What is needed is an exact retyping of the records below, from the first line through the line that contains "22 DALRAITH CRESCENT Image 11".

┌────────

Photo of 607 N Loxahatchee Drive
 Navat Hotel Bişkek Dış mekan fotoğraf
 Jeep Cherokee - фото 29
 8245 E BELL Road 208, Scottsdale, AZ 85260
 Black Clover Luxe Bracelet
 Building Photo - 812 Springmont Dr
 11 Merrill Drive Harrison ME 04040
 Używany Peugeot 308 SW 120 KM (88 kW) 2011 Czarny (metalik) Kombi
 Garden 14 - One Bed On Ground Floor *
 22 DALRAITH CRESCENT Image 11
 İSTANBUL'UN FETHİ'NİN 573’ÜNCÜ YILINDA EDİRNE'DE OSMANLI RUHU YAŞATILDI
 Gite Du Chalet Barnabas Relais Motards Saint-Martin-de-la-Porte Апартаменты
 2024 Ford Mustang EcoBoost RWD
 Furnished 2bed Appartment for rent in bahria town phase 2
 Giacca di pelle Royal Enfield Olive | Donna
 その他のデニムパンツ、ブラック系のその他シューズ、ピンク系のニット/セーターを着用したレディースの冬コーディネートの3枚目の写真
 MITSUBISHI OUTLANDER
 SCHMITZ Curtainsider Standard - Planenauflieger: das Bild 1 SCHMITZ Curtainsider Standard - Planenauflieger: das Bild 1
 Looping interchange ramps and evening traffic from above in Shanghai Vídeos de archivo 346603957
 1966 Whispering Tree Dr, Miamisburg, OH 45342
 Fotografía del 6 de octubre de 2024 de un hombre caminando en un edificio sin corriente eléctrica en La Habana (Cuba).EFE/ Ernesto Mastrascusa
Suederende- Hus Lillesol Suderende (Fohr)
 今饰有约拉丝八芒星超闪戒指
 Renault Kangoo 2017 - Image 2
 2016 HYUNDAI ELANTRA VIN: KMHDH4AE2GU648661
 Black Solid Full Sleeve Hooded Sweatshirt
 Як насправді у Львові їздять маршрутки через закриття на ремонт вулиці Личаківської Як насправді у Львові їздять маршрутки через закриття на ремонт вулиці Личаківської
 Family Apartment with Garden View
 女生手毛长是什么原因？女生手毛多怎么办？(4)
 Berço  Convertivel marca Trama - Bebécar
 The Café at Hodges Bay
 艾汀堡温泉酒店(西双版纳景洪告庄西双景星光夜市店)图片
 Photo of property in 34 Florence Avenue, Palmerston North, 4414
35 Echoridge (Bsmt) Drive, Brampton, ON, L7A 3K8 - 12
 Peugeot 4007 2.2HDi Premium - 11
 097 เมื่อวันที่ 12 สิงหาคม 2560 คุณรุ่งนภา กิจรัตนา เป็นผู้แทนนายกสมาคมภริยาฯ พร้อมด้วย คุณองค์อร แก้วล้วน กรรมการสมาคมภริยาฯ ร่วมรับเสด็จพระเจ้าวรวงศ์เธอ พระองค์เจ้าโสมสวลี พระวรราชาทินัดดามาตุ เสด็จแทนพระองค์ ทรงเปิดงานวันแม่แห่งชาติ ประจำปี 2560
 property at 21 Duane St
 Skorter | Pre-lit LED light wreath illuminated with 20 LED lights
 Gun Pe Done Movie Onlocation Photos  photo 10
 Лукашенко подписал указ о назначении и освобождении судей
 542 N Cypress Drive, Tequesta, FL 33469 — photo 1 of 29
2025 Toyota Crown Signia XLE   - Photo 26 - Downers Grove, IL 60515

└────────

• _Output below_:
Photo of 607 N Loxahatchee Drive
 Navat Hotel Bişkek Dış mekan fotoğraf
 Jeep Cherokee - фото 29
 8245 E BELL Road 208, Scottsdale, AZ 85260
 Black Clover Luxe Bracelet
 Building Photo - 812 Springmont Dr
 11 Merrill Drive Harrison ME 04040
 Używany Peugeot 308 SW 120 KM (88 kW) 2011 Czarny (metalik) Kombi
 Garden 14 - One Bed On Ground Floor *
 22 DALRAITH CRESCENT Image 11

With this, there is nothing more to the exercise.